══ Data provided ══

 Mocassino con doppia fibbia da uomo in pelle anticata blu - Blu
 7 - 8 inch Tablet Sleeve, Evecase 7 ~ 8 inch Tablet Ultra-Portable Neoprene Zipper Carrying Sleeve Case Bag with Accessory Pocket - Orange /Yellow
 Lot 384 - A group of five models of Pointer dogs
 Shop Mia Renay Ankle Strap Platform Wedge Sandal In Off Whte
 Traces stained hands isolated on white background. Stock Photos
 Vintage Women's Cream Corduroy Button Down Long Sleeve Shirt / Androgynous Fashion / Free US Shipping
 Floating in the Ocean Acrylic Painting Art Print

═══
══ Data provided ══

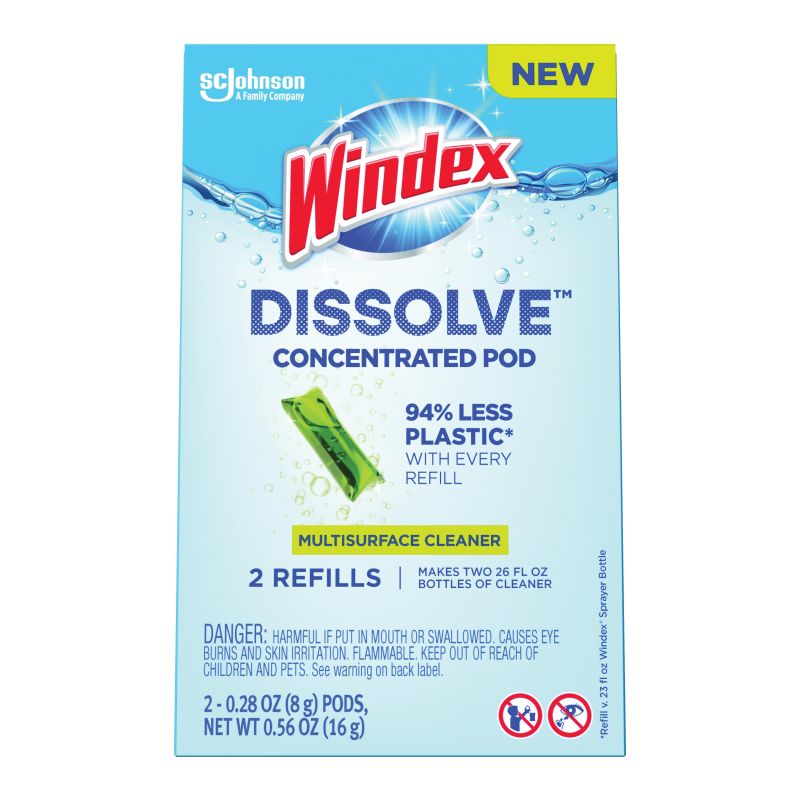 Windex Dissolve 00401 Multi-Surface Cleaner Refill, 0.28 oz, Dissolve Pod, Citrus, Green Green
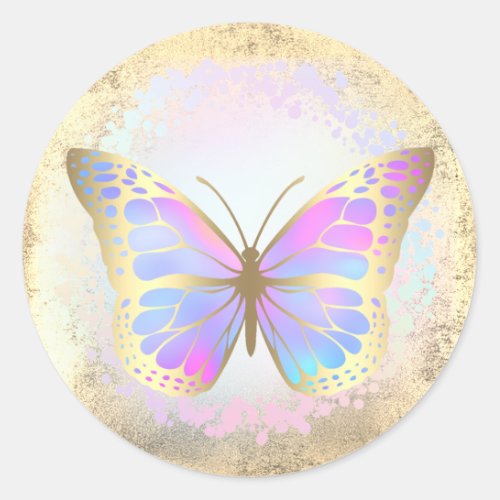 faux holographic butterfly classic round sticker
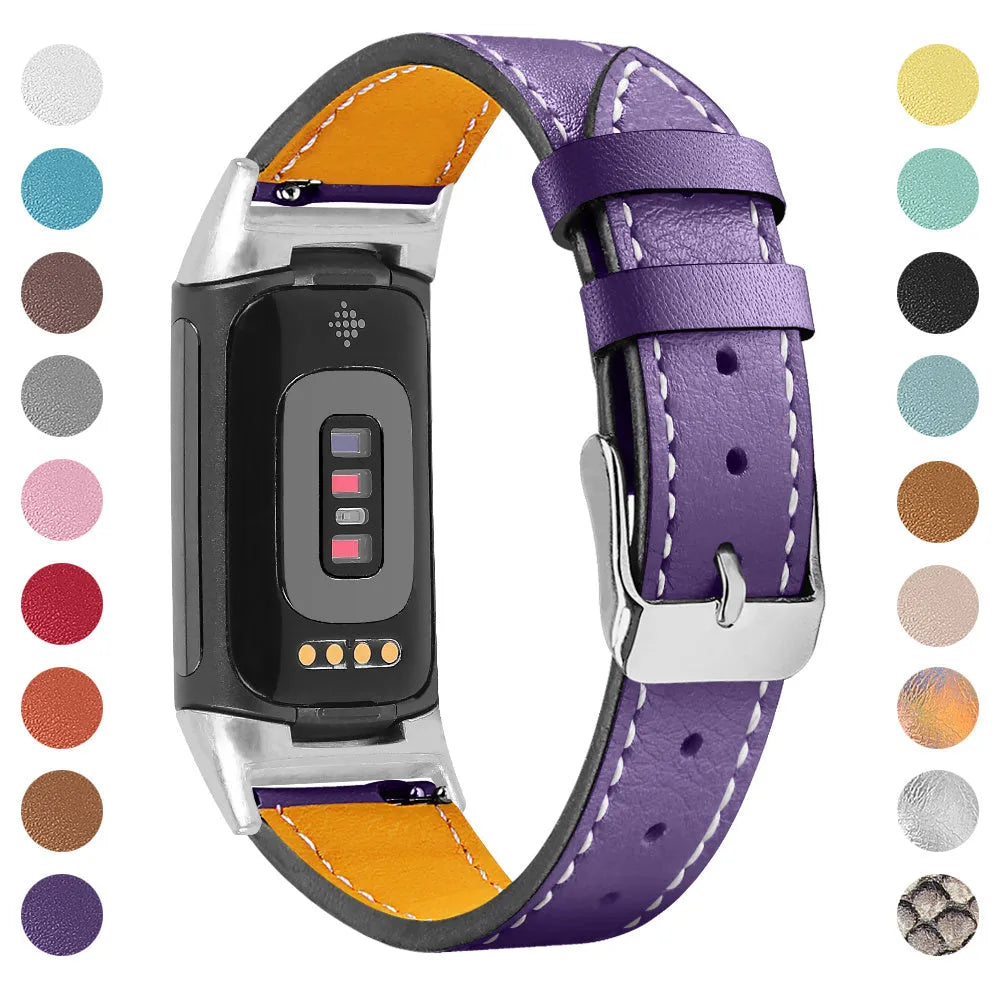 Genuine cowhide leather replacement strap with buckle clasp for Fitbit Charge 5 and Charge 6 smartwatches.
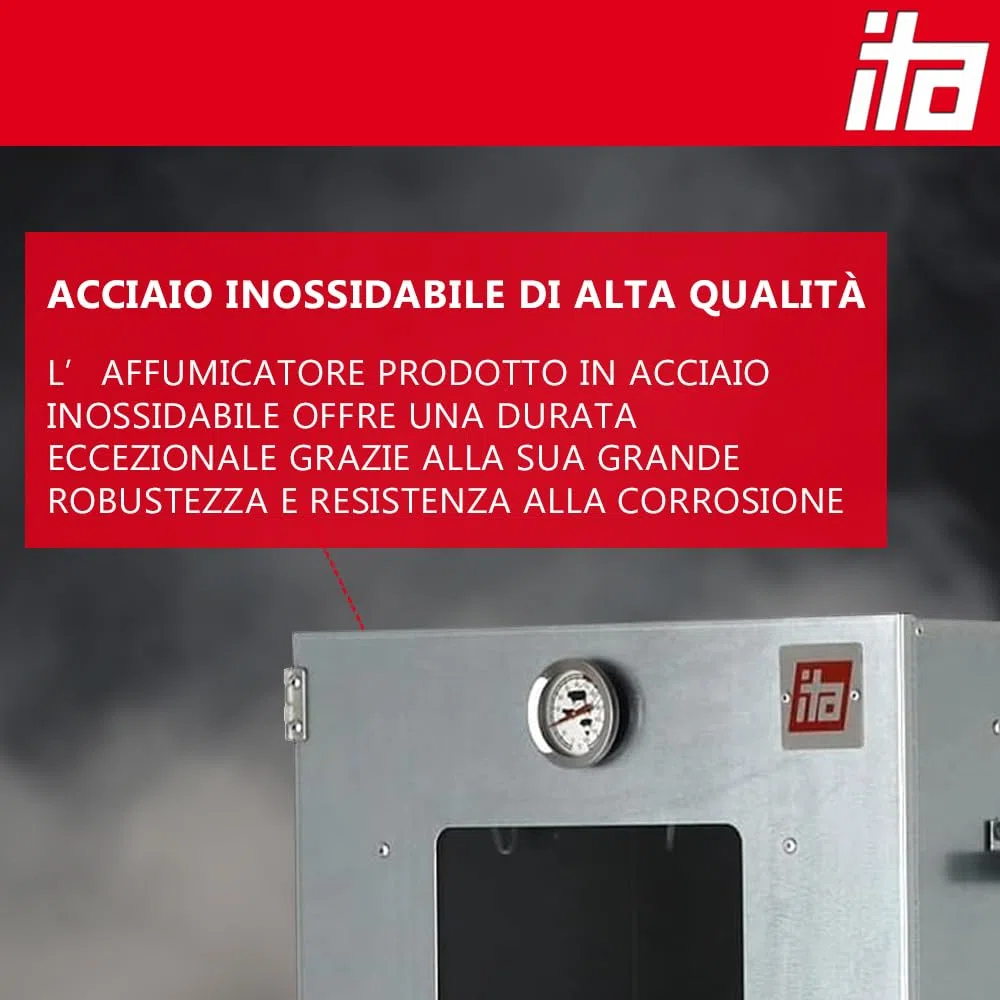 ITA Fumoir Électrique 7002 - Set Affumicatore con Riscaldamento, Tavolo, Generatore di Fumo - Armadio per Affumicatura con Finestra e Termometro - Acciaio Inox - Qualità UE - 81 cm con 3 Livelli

═══

Instructions for the task -
Output should match, line for line, the stretch of the material above from the line holding "Mocassino con doppia" through the line holding "Floating in the".

Exercise response -
 Mocassino con doppia fibbia da uomo in pelle anticata blu - Blu
 7 - 8 inch Tablet Sleeve, Evecase 7 ~ 8 inch Tablet Ultra-Portable Neoprene Zipper Carrying Sleeve Case Bag with Accessory Pocket - Orange /Yellow
 Lot 384 - A group of five models of Pointer dogs
 Shop Mia Renay Ankle Strap Platform Wedge Sandal In Off Whte
 Traces stained hands isolated on white background. Stock Photos
 Vintage Women's Cream Corduroy Button Down Long Sleeve Shirt / Androgynous Fashion / Free US Shipping
 Floating in the Ocean Acrylic Painting Art Print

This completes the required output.